We hypothesized that some of the heterogeneity in reported activation differences between PD patients and healthy controls might be due to differences in the applied motor tasks, for instance related to the mode of movement selection. There is some evidence that PD patients rely more strongly on external cues during motor control than healthy participants [Brown and Marsden, 1988, Georgiou et al., 1994]. Because internally and externally specified movements are associated with distinct neural activation patterns [Hoffstaedter et al., 2013], we labeled each experiment according to the mode of movement timing (internally vs. externally paced) and movement selection (internally generated vs. externally specified movement). This allowed us to conduct separate meta‐analyses for internally vs. externally paced movements as well as internally generated vs. externally specified movements.

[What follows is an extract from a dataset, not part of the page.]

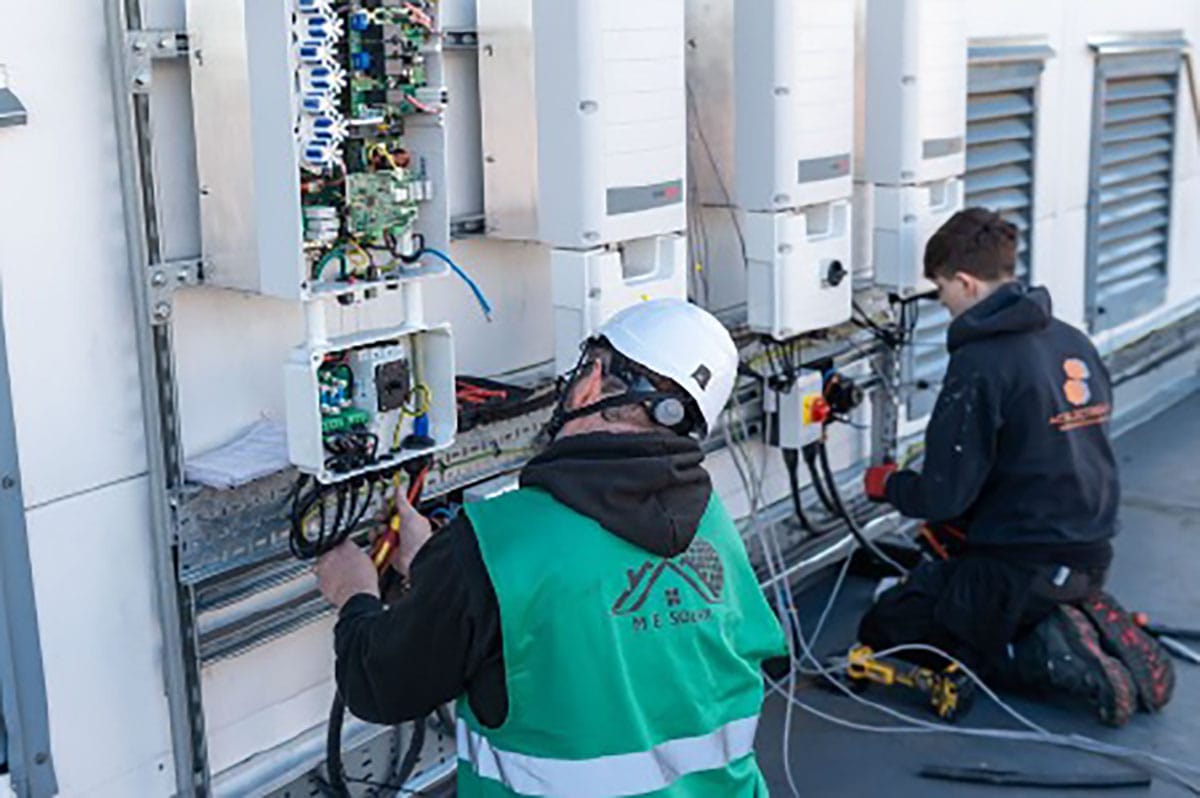 Technicians working on electrical equipment outdoors.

Finally, we assessed putative correlations between activation likelihood and motor impairment by computing voxel‐wise Spearman rank correlations between the activation likelihood and the mean Unified Parkinson's Disease Rating Scale‐III (UPDRS‐III) score [Fahn, 1987] of each experiment [Nickl‐Jockschat et al., 2012; Rehme et al., 2012]. The mean UPDRS‐III score was reported in 21 studies for PD patients OFF medication and in 10 studies for PD patients ON medication. Results of the correlation analysis were thresholded at P < 0.05.

Localization of significant effects was guided by the SPM Anatomy Toolbox v1.7 [Eickhoff et al., 2007] and the Harvard‐Oxford subcortical structural atlas [Makris et al., 1999] for cortical and subcortical areas, respectively.

RESULTS

Twenty‐four publications (21 fMRI, 3 H2O‐PET) with an average sample size of 11.8 ± 3.5 (mean ± SD) PD patients and 11.4 ± 3.2 control participants were included (Table 1). These publications collectively reported results from 56 experiments and 283 individual patients. Results from 35 experiments and 193 patients were reported for the contrasts “PD‐OFF vs. controls,” 11 experiments and 77 patients for the contrasts “PD‐ON vs. controls,” and 10 experiments and 79 patients for the contrasts “PD‐ON vs. PD‐OFF.”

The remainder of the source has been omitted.